Covariate assessment

The baseline questionnaire included questions about sociodemographic characteristics, lifestyle and health-related habits, medical history and family history of cognitive impairment or dementia. Anthropometric measurements were taken by trained personnel using standard methods.19 Physical activity was assessed with the validated Spanish version of the Minnesota Leisure-Time Physical Activity questionnaire and expressed in minutes at a given metabolic equivalent per day.34 ,35 Apolipoprotein E (APOE) genotype was determined with the method of Hixson and Vernier.36 Only three participants of the 522 analysed were homozygous for E4, so APOE genotype was considered dichotomously: presence of at least one E4 allele (sum of E4/3 and E4/4 genotypes) versus absence of E4 allele. APOE E2/4 genotype was excluded.

Statistical analyses

Quantitative data were shown as means and SDs. Bivariate analyses were done with the χ2 test or the Fisher test for categorical variables. Bivariate comparisons among groups for continuous variables were done by using one-way analysis of variance. Analyses were performed on an intention-to-treat principle.
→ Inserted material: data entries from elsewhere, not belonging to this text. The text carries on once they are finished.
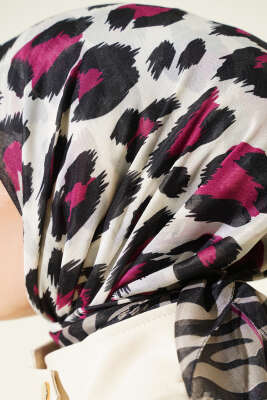 Leopar Desenli Soft Eşarp Siyah Fuşya - Başörtüsü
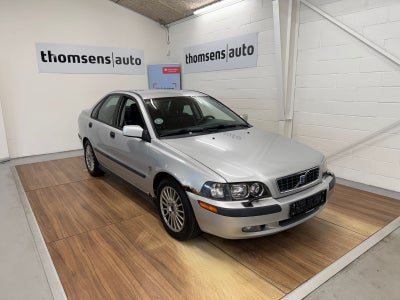 Volvo S40 1,8  4d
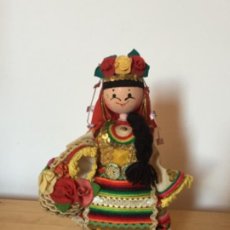 Muñecas Extranjeras: MUÑECA RUSA CON TRAJE TRADICIONAL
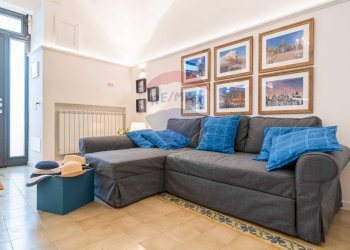 Soggiorno - Casa indipendente Via Santa Barbara
 
7, Catania - foto 8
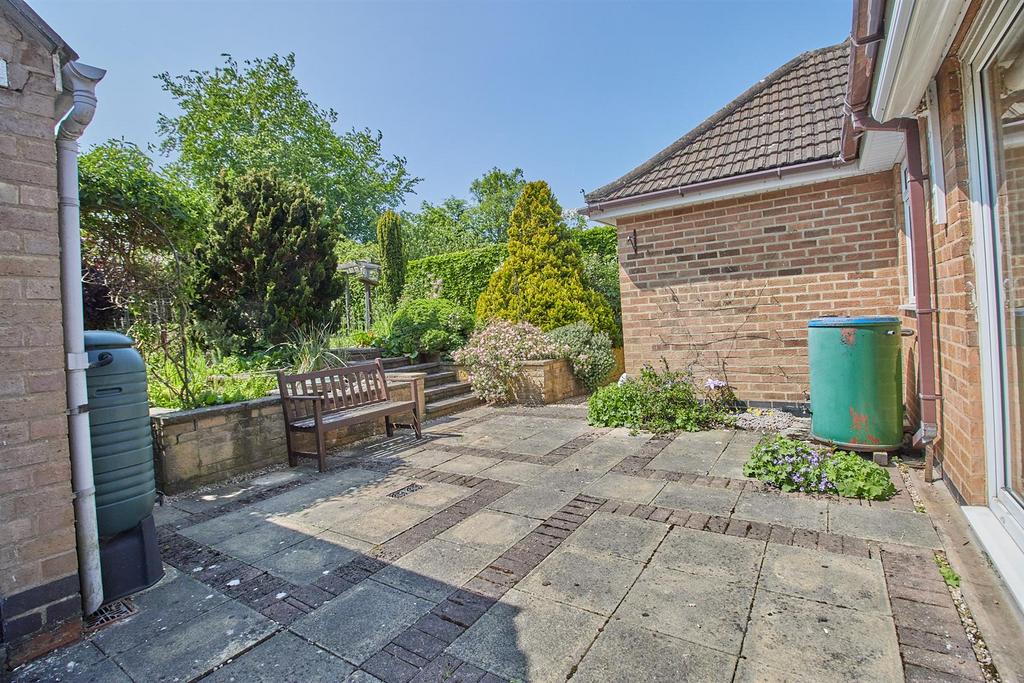 Hollycroft, Hinckley 3 bed detached bungalow for sale £350,000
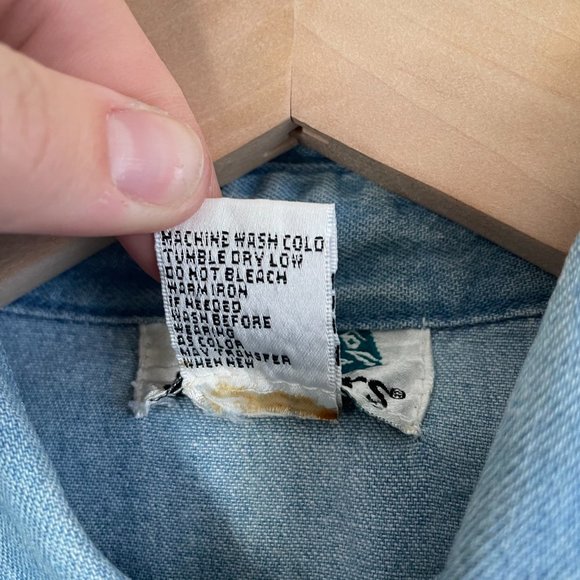 Natural Wonders Embroidered Chambray Button Down - Picture 4 of 4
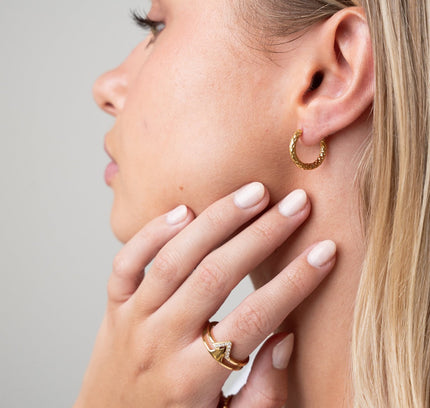 Pendientes Huggie Texturizados en Oro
First, we explored differences in baseline characteristics of participants according to the allocated intervention groups. Then, we estimated unadjusted mean scores in neuropsychological tests according to the intervention groups. Finally, multivariable-adjusted mean scores of cognitive function tests and differences versus control (95% CIs) in each intervention group were estimated using general linear models adjusting for sex, age, education, family history of cognitive impairment or dementia, ApoE4 genotype, hypertension, dyslipidaemia, diabetes, smoking status, alcohol intake, body mass index, physical activity and total energy intake. All p values were two-tailed at the <0.05 level. Statistics were performed with SPSS V.17.0 (SPSS Inc, Chicago, Illinois, USA) software.


Study population

The PREDIMED-NAVARRA centre recruited 1055 participants between 2003 and 2005.

Among 969 participants who were alive, 522 participants underwent neuropsychological testing after a mean follow-up of 6.5 years. Figure 1 shows the flow of participants throughout the study.

Figure 1

Flow chart of participants.

A comparison of baseline characteristics of the analysed cohort with that of the participants not included in the PREDIMED-NAVARRA cognition study is shown in table 1. The analysed cohort had on average a higher educational level and was less often diagnosed as having hypertension and diabetes but more often as having dyslipidaemia compared with the participants not included in this cognition study. Participants who underwent cognitive assessment were less often current smokers and had a slightly lower body mass index.

Table 1

Comparison of baseline characteristics* of the analysed cohort with that of the participants not included in PREDIMED-NAVARRA cognition study

The analysed cohort had a mean age of 74.6 (SD:5.7) years at cognitive evaluation and 44.6% were men. By study design, we found a high prevalence of hypertension, dyslipidaemia and type-2 diabetes. Table 2 shows baseline characteristics of participants by intervention group. As expected from the randomised design, the groups were well balanced with respect to all these baseline characteristics.

Table 2

Baseline characteristics* of participants according to intervention group

Diet intervention compliance

The intervention in the PREDIMED-NAVARRA centre achieved a substantial contrast between the two groups allocated to the MedDiet and the control group. The average values for the 14-item short questionnaire after a 5-year intervention were 10.5 (SD:3.3) in MedDiet+EVOO, 9.1 (SD:4.9) in MedDiet+Nuts and 5.8 (SD:4.7) in the control group (p<0.001). After a 6-year intervention, these figures were 10.8 (SD:2.7) in MedDiet+EVOO; 10.1 (SD:4.0) in MedDiet+Nuts and 6.3 (SD:4.7) in the control group (p<0.001).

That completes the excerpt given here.